As of last month, Houston police and several other local and state law enforcement agencies have issued more than 6,400 citations related to aggressive driving and made 613 arrests as part of the initiative.
The shooting of Ashanti comes as Houston has announced a $44 million plan to tackle rising violent crime, particularly an ongoing surge of homicides, in the nation's fourth largest city.
Like other major cities across the U.S., Houston has seen an increase in violent crime in the last couple of years amid the pandemic.
Mayor Sylvester Turner said during Monday's news conference that as part of the city's $44 million plan, he is working with local law enforcement departments and other agencies to have a system of about 1,000 cameras that are used to monitor real-time traffic conditions in the Houston area's freeway system be reconfigured to allow for recording.

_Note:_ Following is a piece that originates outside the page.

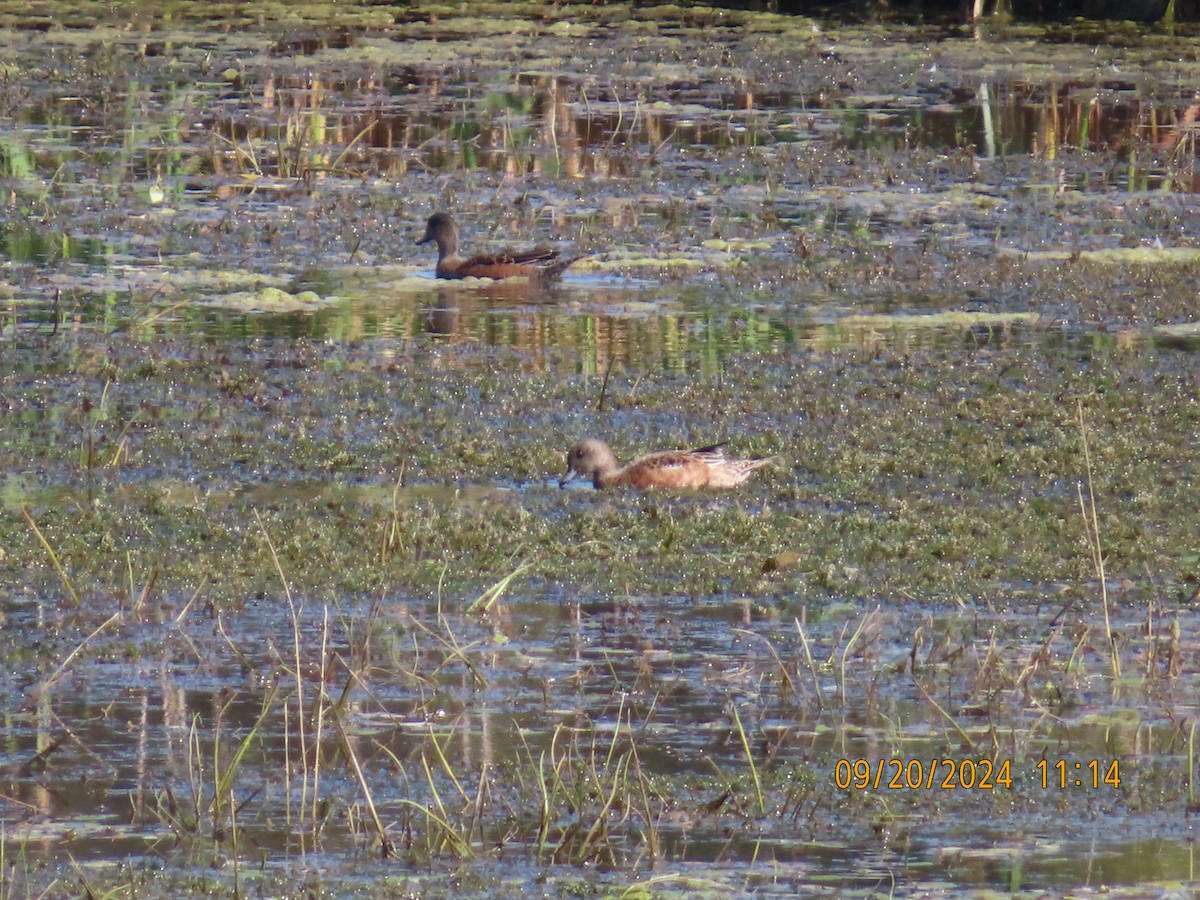 American Wigeon - ML623950048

The cameras currently do not record video as part of an earlier agreement related to concerns over various issues, including recordings being used in civil litigation, Turner said.
"But times have changed ... When you start dealing with the increasing road rage that's taking place in our streets, the technology is readily available," Turner said.
Finner said the cameras were going to be used to help police fight crime.
"Some of those individuals are saying, `Hey it's too much surveillance.' This is a different time and nobody is going to use that surveillance equipment to violate anybody's rights," Finner said.